First, as the name suggests, Ofwat’s final determination is meant to be its last word on bills and business plans for the next five years. As with all the water companies, the numbers were decided after two years of back and forth and the submission of tens of thousands of pages of documents. For the sake of credibility, the game cannot be replayed after the final whistle. An appeal by Thames to the CMA would be different: it would be part of the established process.
Second, Ofwat’s verdict last month was seen as mildly helpful for the companies as a whole. The regulator’s greater generosity on cost of capital – one of the key numbers in the mix – was described on the day by analysts at Barclays and Jefferies as a “positive” outcome for the three firms that are still listed in the stock market. If the figure still wasn’t generous enough for Thames, tough. There cannot be preferential treatment.

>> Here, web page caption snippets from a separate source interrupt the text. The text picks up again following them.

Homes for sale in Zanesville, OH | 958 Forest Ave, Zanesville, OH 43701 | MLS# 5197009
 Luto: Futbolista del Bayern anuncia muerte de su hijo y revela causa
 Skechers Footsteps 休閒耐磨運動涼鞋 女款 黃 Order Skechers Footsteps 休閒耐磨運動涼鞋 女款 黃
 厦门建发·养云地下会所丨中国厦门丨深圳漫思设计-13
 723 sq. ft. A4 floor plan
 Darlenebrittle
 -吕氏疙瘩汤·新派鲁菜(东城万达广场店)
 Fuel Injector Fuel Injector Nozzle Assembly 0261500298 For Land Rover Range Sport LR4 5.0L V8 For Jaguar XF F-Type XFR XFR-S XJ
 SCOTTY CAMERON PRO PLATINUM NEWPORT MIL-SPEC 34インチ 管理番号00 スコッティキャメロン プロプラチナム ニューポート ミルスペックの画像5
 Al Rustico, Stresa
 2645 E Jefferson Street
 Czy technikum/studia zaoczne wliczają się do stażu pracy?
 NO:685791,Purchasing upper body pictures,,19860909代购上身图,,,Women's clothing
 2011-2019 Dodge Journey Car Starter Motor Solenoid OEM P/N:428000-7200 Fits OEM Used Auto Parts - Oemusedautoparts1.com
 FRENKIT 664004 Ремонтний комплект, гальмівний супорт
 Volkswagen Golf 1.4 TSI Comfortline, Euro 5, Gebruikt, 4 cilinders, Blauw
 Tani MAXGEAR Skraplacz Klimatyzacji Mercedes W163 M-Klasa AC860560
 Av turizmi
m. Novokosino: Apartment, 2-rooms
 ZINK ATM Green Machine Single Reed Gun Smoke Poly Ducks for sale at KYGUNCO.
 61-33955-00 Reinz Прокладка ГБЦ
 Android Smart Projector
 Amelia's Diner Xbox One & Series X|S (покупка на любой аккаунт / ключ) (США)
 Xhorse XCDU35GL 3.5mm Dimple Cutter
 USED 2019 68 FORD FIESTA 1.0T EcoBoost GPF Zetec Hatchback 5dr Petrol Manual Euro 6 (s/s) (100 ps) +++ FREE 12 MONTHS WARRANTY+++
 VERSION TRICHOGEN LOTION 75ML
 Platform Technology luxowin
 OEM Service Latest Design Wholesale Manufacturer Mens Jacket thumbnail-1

Third, Ofwat’s deal was also stuffed with many of the special revenue-sharing and “gated” mechanisms that the industry had requested to make it easier to raise capital. Again, there is a limit to how many tailor-made features can be handed to one company.
Fourth, debt markets are already adjusting. The small “B” class of Thames debt is trading at pennies in the pound and the “A” class, representing the bulk of the £16bn of borrowings, is at about 70p. In other words, the holders already realise there will be haircuts in the inevitable financial restructuring. If they can agree a debt-for-equity swap among themselves, fine. If not, it has to be SAR.
None of which is to deny that the bankruptcy of the country’s biggest water company would be poor advertising for a government trying to promote its growth credentials. But the outrageous outcome would be the one in which government backslides and gifts to bondholders at the expense of taxpayers or bill payers. There can be no wobbling. The threat of SAR has to be real.